At the risk that what I don’t know will make me disingenuous, I feel bound to ask whether I ought to buy a second-hand poetry reading from someone who plainly can’t read a map?
SIR: I have been commissioned to write an authorised critical biography of the late Professor Sir William Empson, and would be grateful to hear from any of your readers with personal or professional reminiscences – colleagues, students, friends and chance acquaintances. Original letters and other documents (including telling comments on student essays) would be most welcome and carefully returned, but I would be just as happy to receive copies – to be sure, as Sir William might have said.

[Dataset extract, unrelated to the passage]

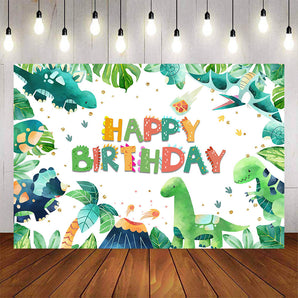 Mocsicka Dinosaurs and Forest Happy Birthday Background-Mocsicka Party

Department of English Literature, University of Sheffield, Sheffield S10 2TD
SIR: One small point about David Jones’s excellent review of Sam Shepard’s work (LRB, 2 May) – Hawk Moon was not published in the US in 1981, as stated, but by Black Sparrow Press in 1973.
Wolfgang Leppmann’s Rilke: A Life was published by Lutterworth on 25 April (419 pp., £17.50, 0 7188 2620 5). It has been translated by Russell Stockman in collaboration with the author, and contains verse translations by Richard Exner. Reviewing the German edition in LRB, Vol. 5, No 20, J.P. Stern praised the ‘fine detail of the biographical reconstruction’ – achieved by Leppmann in the face of some difficulty, since ‘the art of biography has few outstanding examples in German.’ In Vol. 4, No 13, Clive James wrote about the Australian poet and ‘no-hoper’ Christopher Brennan. A selection of Brennan’s poems, letters and critical essays, edited by Terry Sturm, has been published by the University of Queensland Press in its ‘Portable Australian Authors’ series (477 pp., £16.95 and £9.95, April, 0 7022 1736 0).
Richard Wollheim’s The Thread of Life, reviewed by Jon Elster in the last issue, and ascribed there to its American publisher, Harvard University Press, is published in England by Cambridge.